Everything from the line with "Септик Country Plast" to the end of the data below, both lines included, should be transcribed exactly; please omit the pictures.

**Supplied material:**
----------
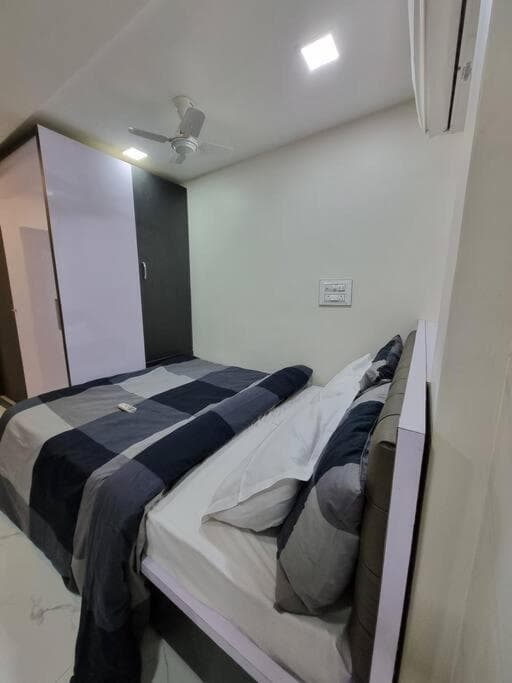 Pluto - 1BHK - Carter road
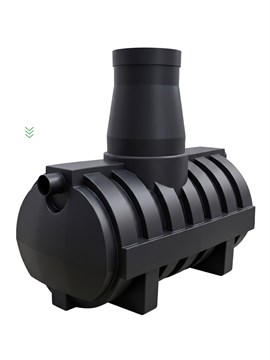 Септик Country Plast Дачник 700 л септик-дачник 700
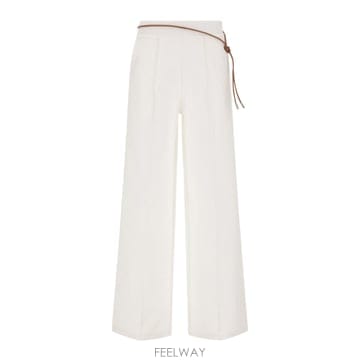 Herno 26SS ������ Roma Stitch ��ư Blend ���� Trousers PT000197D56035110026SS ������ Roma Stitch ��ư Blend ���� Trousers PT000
----------
**Reply:**
 Септик Country Plast Дачник 700 л септик-дачник 700
 Herno 26SS ������ Roma Stitch ��ư Blend ���� Trousers PT000197D56035110026SS ������ Roma Stitch ��ư Blend ���� Trousers PT000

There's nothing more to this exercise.